:: Dataset content ::

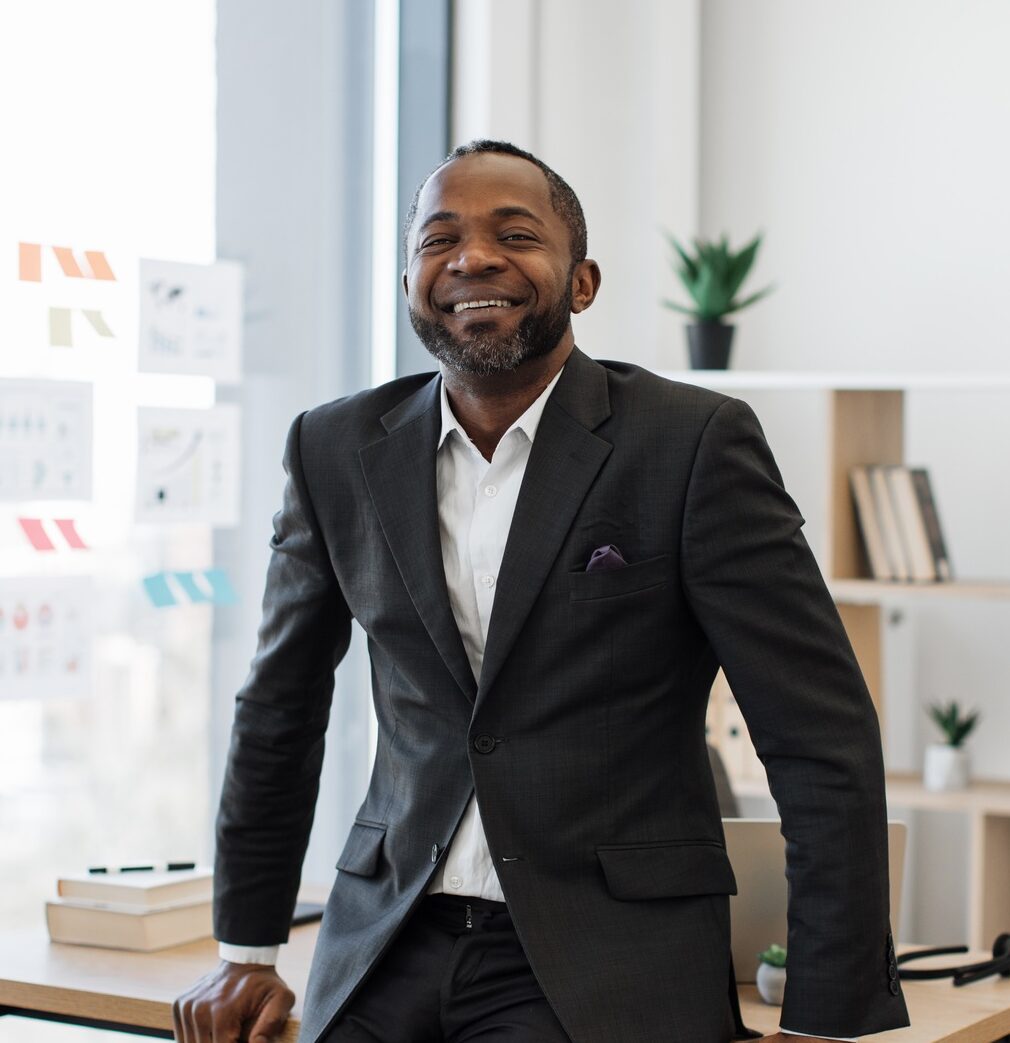 Company leader resting on edge of office desk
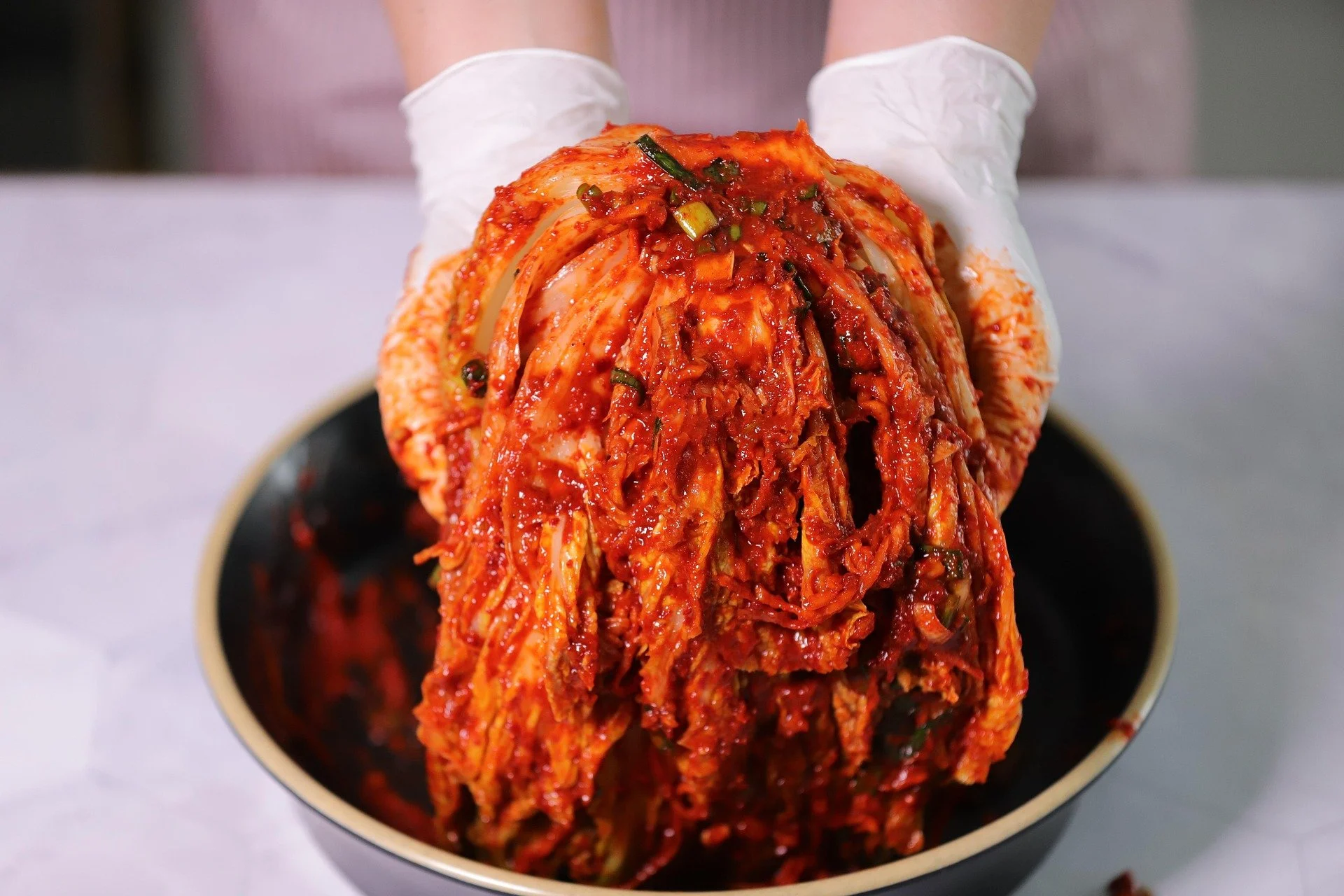 Person wearing white gloves holds a large bowl of kimchi, a fermented Korean side dish made of cabbage with red pepper seasoning.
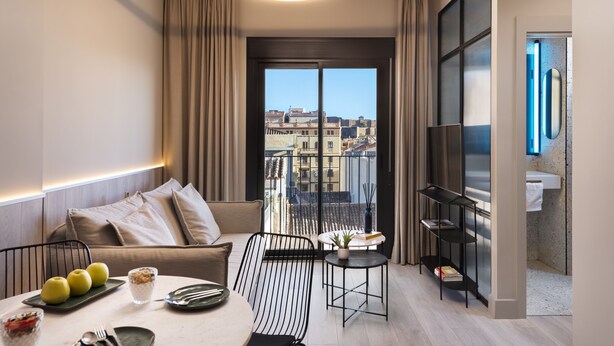 A modern living room with a sofa, dining table, and a balcony with a city view. - Coeo Peña Design Apartments (Málaga)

:::

> What to work on
Could you print the whole listing again, exactly, leaving the pictures out?

> Response to this exercise
 Company leader resting on edge of office desk
 Person wearing white gloves holds a large bowl of kimchi, a fermented Korean side dish made of cabbage with red pepper seasoning.
 A modern living room with a sofa, dining table, and a balcony with a city view. - Coeo Peña Design Apartments (Málaga)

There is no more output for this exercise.